I knew people like him but this is the first time I encountered him. Where was he during my five years in college? Why haven’t we met even when I did a teaching stint for one sem? Where have you been all my life, Antonio?
But Antonio’s more complicated than I thought he was.
I knew people like him and I know they are not the typical ones. No, they are hard to understand. One usually needs to go deep just to have a glimpse of what they are – of what they are trying to say, at least.
He’s easy to read but he won’t let you have just one understanding of what he’s putting into your head.
I knew people like him but in his complicatedness, I got more into him I even felt we are connecting in ways more than I could ever imagine.
And then Antonio said, ‘times when I understand myself a little, I understand others less’. Maybe I was already understanding Antonio and the people like him a little that’s why I’m struggling with what I’m trying to point out here.
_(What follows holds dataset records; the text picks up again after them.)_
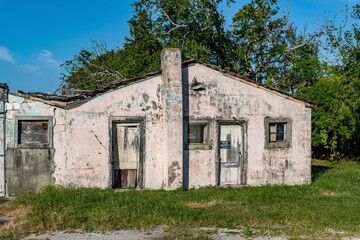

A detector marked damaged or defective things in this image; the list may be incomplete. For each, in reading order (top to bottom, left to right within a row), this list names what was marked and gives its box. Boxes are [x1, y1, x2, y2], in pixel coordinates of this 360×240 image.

broken window frame [14, 116, 53, 148]
broken window frame [186, 122, 211, 150]
broken window frame [264, 117, 292, 148]
rusted door frame [109, 116, 146, 189]
rusted door frame [215, 120, 246, 186]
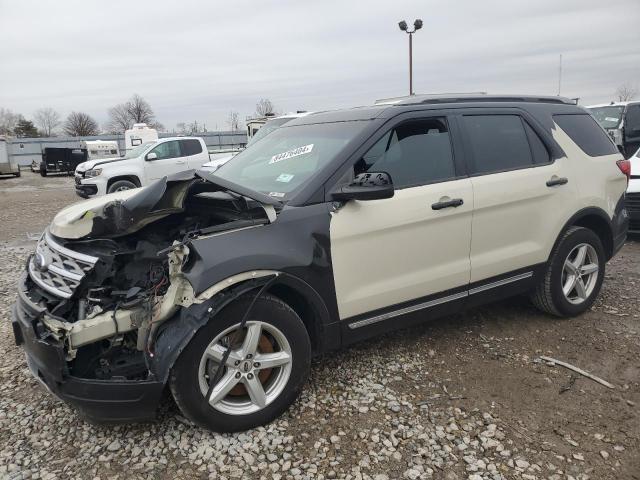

I feel for Antonio, feel like I and him – we are just the same. I feel exactly the same thing he does. We connected instantly – or I connected to Antonio in an instant.
Antonio and his Voice, I shall never forget.
I knew people like him. They are admired but are usually forgotten. I don’t want Antonio to be just like them. Complicated and mysterious as he is, it doesn’t matter. Today I fell in love with Antonio’s Voice, and I will never let another poet to just be silenced.
‘One lives in the hope of becoming a memory’.